Some say the divide in the council was exacerbated when longtime councilman Bill Thrash died from bladder cancer in May. The council was split in deciding who should take Thrash’s spot on the five-member council.
Mayor Mark Mathews made the tie-breaking vote in electing Matt Riedemann to the council in June, which added angst to the city’s split council members and residents.
Council members Cris Welsh and Bruce Jenkins voted to install Thrash’s wife, Suzie, as his replacement on the council, while Jeff Duckett and Tim Killingsworth opted for Riedemann.
Mathews voted to break the tie in favor of Riedemann.
From there, the council became a two-headed governmental body, split on most of the important votes, with council members Riedemann, Killingsworth and Duckett consistently voting in a bloc to overrule motions made by council members Cris Welsh and Bruce Jenkins.
Welsh brought forward motions this fall to ban smoking in nearly all businesses and public outdoor spaces and another to prohibit elected officials from texting during council meetings. Both motions were overruled and dismissed by Mathews and his allies.
Museum, credit cards spark controversy
The council was repeatedly petitioned by residents concerned with the city’s finances. Critics believed the city’s financial position was burdened by taxpayer subsidies of its top two tourist attractions, the Southern Museum of Locomotive History and the Smith-Gilbert Gardens.
Both attractions have been running deficits for years, pulling money from the city’s general fund, which is fed by fees and taxes paid by Kennesaw residents.
In the 2013 budget, city officials transferred $557,643 to the gardens and the museum in order to balance the annual budget. That figure is expected to rise to $616,322 in the 2014 budget, which was adopted in September by a 3-2 vote of the council.

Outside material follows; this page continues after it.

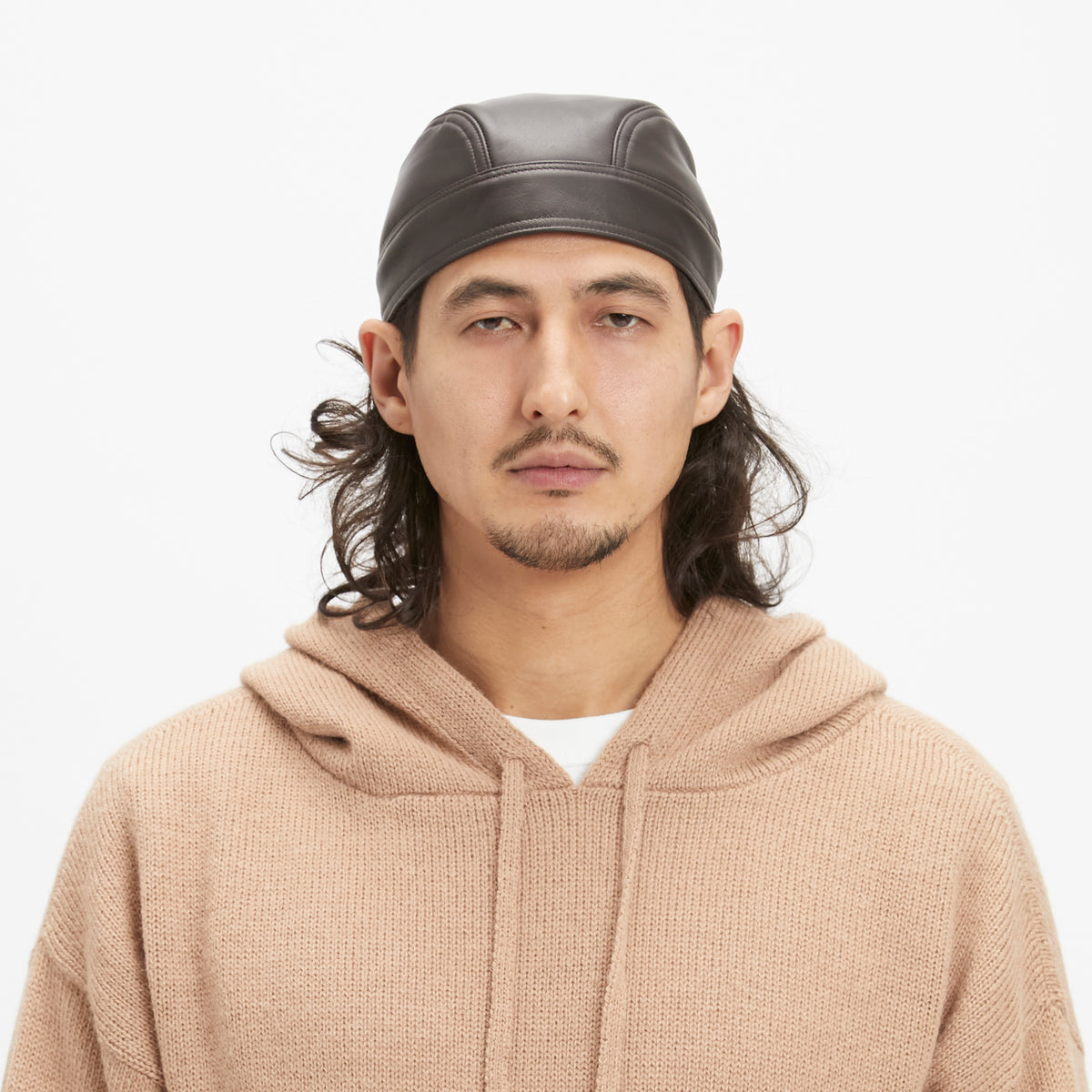 Skull Cap – Dark Brown Leather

In late October, city officials came under fire again for the city’s lack of a credit card policy. Residents were upset to learn their elected officials had been using credit cards with very little rules and regulations, funded with their tax dollars.
The mayor and council members had spent together about $33,000 on dinners, including one at Vic’s on the River in Savannah from July 2012 that totaled $923.20, various flights and embroidered clothing between September 2012 and September 2013, according to credit card statements.
Duckett spent roughly $4,500, Jenkins, $6,500, Welsh and Killingsworth almost $3,000 each, and the mayor about $8,200 from December 2012 through Sept. 9, 2013.
The bills were paid for and unquestioned by the city. As news of this and other hot-potato issues broke, residents responded by signing up to run for council.
By the filing deadline, residents had seven candidates to choose from on the Nov. 5 ballot.
Clean sweep of council candidates
Debra Williams, a local businesswoman who owns her own public relations and marketing business and serves on the Kennesaw Planning and Zoning Board, stunned incumbent Matt Riedemann by garnering 60 percent of the votes in the Post 4 race. She outpolled Riedemann by nearly 400 votes, tallying 1,142 to her opponent’s 757.
Jim Sebastian, chairman of the Citizens Advisory Committee and owner of SAFE LLC, a consulting company, squeaked out a win over incumbent Jeff Duckett by about 30 votes.
Former Kennesaw mayor Leonard Church made a political comeback, beating incumbent councilman Bruce Jenkins and Briggett Washington in a tight race, as no candidate won 50 percent of the vote.